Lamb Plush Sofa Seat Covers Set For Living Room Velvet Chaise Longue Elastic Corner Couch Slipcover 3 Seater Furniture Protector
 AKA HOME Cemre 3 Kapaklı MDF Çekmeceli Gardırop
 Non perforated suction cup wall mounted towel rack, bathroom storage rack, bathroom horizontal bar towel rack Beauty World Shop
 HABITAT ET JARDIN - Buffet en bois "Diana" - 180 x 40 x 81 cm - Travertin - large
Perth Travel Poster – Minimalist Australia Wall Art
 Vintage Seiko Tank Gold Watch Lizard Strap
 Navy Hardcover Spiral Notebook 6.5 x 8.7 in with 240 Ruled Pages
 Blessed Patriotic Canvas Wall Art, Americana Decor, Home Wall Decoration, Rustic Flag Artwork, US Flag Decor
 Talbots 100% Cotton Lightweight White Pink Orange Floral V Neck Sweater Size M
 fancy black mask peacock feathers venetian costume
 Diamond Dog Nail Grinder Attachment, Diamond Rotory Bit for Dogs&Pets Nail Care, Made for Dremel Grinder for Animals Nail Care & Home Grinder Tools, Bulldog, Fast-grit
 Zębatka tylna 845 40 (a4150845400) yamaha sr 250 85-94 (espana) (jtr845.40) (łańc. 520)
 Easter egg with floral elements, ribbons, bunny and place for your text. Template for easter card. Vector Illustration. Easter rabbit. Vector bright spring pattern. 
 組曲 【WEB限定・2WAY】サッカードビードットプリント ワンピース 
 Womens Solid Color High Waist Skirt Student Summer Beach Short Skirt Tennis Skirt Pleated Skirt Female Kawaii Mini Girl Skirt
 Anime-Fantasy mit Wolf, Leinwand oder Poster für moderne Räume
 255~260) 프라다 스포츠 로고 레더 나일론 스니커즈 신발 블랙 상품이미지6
__________
Repeat word for word each line from the one with "Blessed Patriotic Canvas" to the end of the records above, inclusive.

Task solution =>
 Blessed Patriotic Canvas Wall Art, Americana Decor, Home Wall Decoration, Rustic Flag Artwork, US Flag Decor
 Talbots 100% Cotton Lightweight White Pink Orange Floral V Neck Sweater Size M
 fancy black mask peacock feathers venetian costume
 Diamond Dog Nail Grinder Attachment, Diamond Rotory Bit for Dogs&Pets Nail Care, Made for Dremel Grinder for Animals Nail Care & Home Grinder Tools, Bulldog, Fast-grit
 Zębatka tylna 845 40 (a4150845400) yamaha sr 250 85-94 (espana) (jtr845.40) (łańc. 520)
 Easter egg with floral elements, ribbons, bunny and place for your text. Template for easter card. Vector Illustration. Easter rabbit. Vector bright spring pattern. 
 組曲 【WEB限定・2WAY】サッカードビードットプリント ワンピース 
 Womens Solid Color High Waist Skirt Student Summer Beach Short Skirt Tennis Skirt Pleated Skirt Female Kawaii Mini Girl Skirt
 Anime-Fantasy mit Wolf, Leinwand oder Poster für moderne Räume
 255~260) 프라다 스포츠 로고 레더 나일론 스니커즈 신발 블랙 상품이미지6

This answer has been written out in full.